Il tweet di Vernon Reid, chitarrista nero, fondatore dei Living Colour, è perentorio: addio a un grande americano. Poche parole ma emblematiche: non un grande afro-americano ma americano. Amiri Baraka avrebbe gradito. Avrebbe apprezzato quelle parole perché il suo libro sacro uscito nel ’63 a nome LeRoi Jones, Il popolo del blues-Sociologia degli afroamericani attraverso l’evoluzione del jazz (ristampato – ma senza «evoluzione» nel sottotitolo – da ShaKe edizioni nel 2011), proprio a quello puntava. A dimostrare che suoni, modi e stili black avessero influenzato in maniera sensibile la cultura e la storia statunitense nella sua interezza. Proprio quel saggio disvelava, inoltre, come negli Usa la storia dei neri sia andata di pari passo con le spinte evolutive delle loro musiche. In questo, nel modo in cui seppe rappresentarlo, Baraka, soprattutto poeta e drammaturgo, è stato davvero un irripetibile critico musicale, genere in cui eccelleva. Per molti aspetti fu anche un musicista. Capace di versificare seguendo coordinate di senso e suono che hanno anticipato la grande ondata rap di fine anni Settanta.

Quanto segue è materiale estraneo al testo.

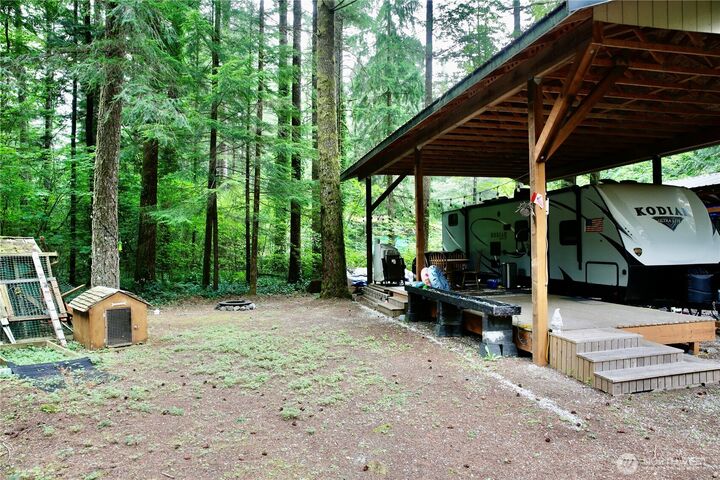 Property Photo: 1074 Birch Lane WA 98295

Per capire meglio si riascolti Black Dada Nihilismus, un poema in musica registrato nel 1965 con l’accompagnamento del New York Art Quartet. Quello è jazz ma è anche hip hop. Oppure si senta A Black Mass, il disco del ’68 con la Sun Ra Myth Science Arkestra, disco totalmente incardinato dentro un’estetica free jazz, genere musicali evolutosi al ritmo delle lotte politiche nere. A Black Mass, uscito per la Jihad (l’etichetta di LeRoi Jones, il nome dice tutto), era la trasposizione discografica di un’omonima opera teatrale in cui venivano rovesciati gli stereotipi dominanti: nero era bello, bianco era il male. Dedicato a Malcolm X a cui Baraka era stato legato da forti rapporti di amicizia e di convinzione politica, il disco venne distribuito negli Stati Uniti attraverso le più radicali librerie nere. Perché questo era Baraka, il poeta di riferimento del Black Power, colui che sulla scia dello slogan di Malcolm X, «con ogni mezzo necessario», era convinto che le poesie potessero uccidere. Che fossero un possibile mezzo di scontro con la struttura di potere bianca. Non a caso fu lui a fondare il Black Arts Movement, ramo artistico del Black Power, celebrato nella poesia Black Art (1965) e fondato subito dopo l’assassinio di Malcolm X, il 21 febbraio 1965. Vi aderirono scrittori e poeti militanti come Maya Angelou, Nikki Giovanni, Jayne Cortez, Sonia Sanchez, Hoyt W. Fuller. Fu un movimento culturale centrale in ambito afro-americano, capace di rappresentare la varietà e fertilità di ambiti letterari neri fino a quel momento ignorati e in grado di sfondare il silenzio delle università. Affiancato dal suo corrispettivo teatrale il Black Arts Repertory Theatre and Scholl (Barts), trasformò Baraka in una potente icona culturale, l’equivalente in ambito radicale di quello che James Baldwin aveva rappresentato per il movimento dei diritti civili.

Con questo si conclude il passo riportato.